Чувствовалась дрожь в ногах, а по телу бежали мурашки, но поверив в себя он неуверенно переступил, через порог заколдованной двери и убедившись, что с ним ничего не случилось, он осознал, что огонь отступил от него ещё там, в чаще леса, а позади себя в комнате, ставшей ему тюрьмой, он распрощался со своим недугом и болью.

Взбодрившись, рука об руку мы словно канатоходцы в цирке медленно ступая, спустились по лестнице, а вскоре отцепившись от моей руки, освобождённый узник самостоятельно вышел на чистый и свежий воздух, где встретившись первыми восходящими лучами солнца, он снова прикоснулся к прошлой и забытой жизни.
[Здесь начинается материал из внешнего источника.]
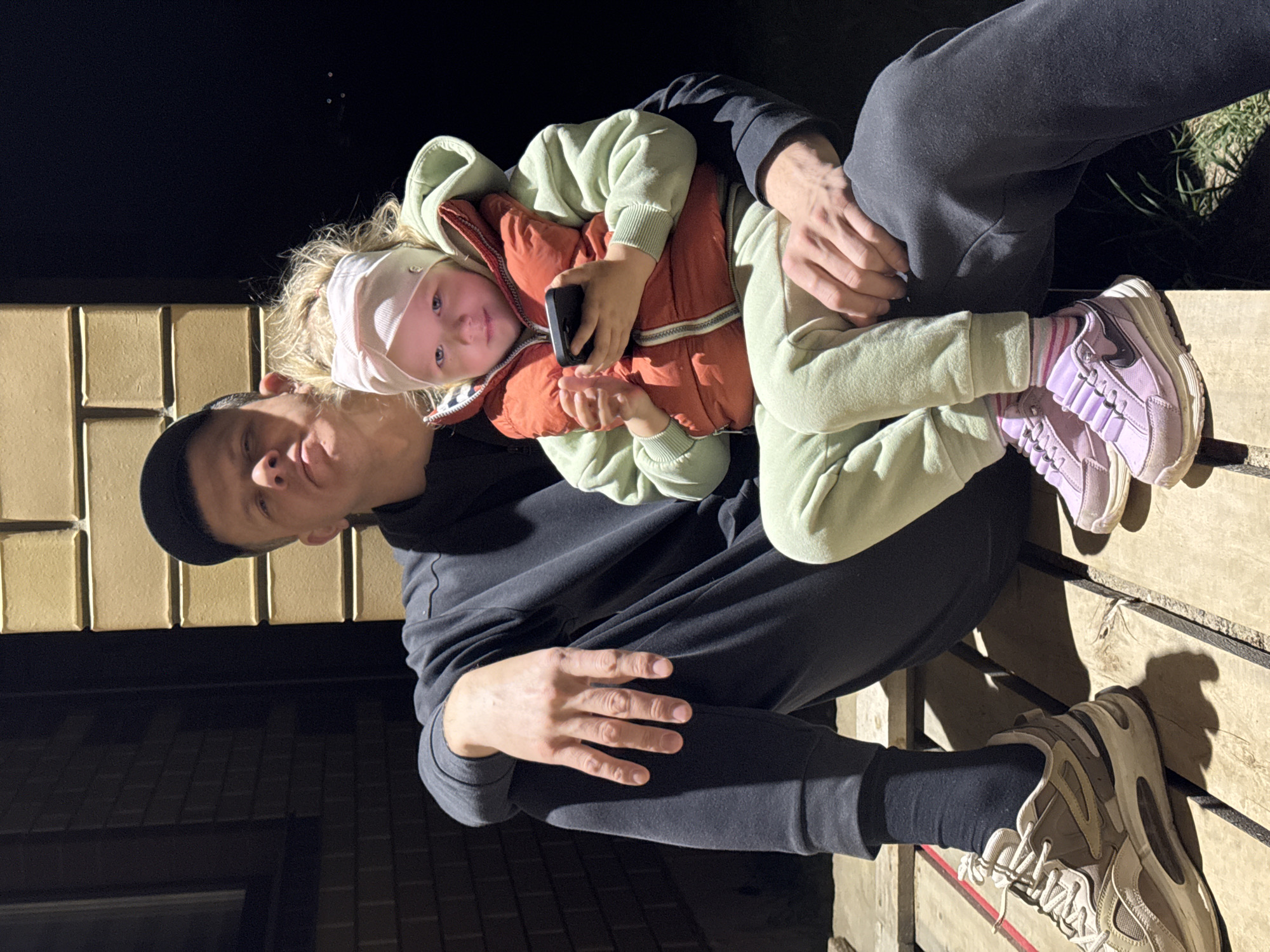 A man and a child are seated on a wooden structure outdoors. The man is wearing a black hooded sweatshirt, black pants, black socks, and tan sneakers. He is also wearing a black baseball cap. He is holding the child, who is wearing a white head wrap, a light green hooded sweatshirt, an orange vest, light green pants, and purple sneakers with pink stripes. The child is holding a smartphone. The background includes a brick structure and dark shadows, suggesting it is night in Ферма, Russia.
На утро, мать увидевшая своего мальчика, таким каким он был до случившегося с ним потрясения, упала на колени, расцеловывая ноги собственного сына, а генерал стоя в стороне утонул в собственных слезах радости, так и не решаясь подойти и обнять своего ребёнка. Как друг, дом стал наполняться светом. Лучи божественного солнца, напрочь изгоняли поселившиеся в стенах дома, мрак и безнадёжность.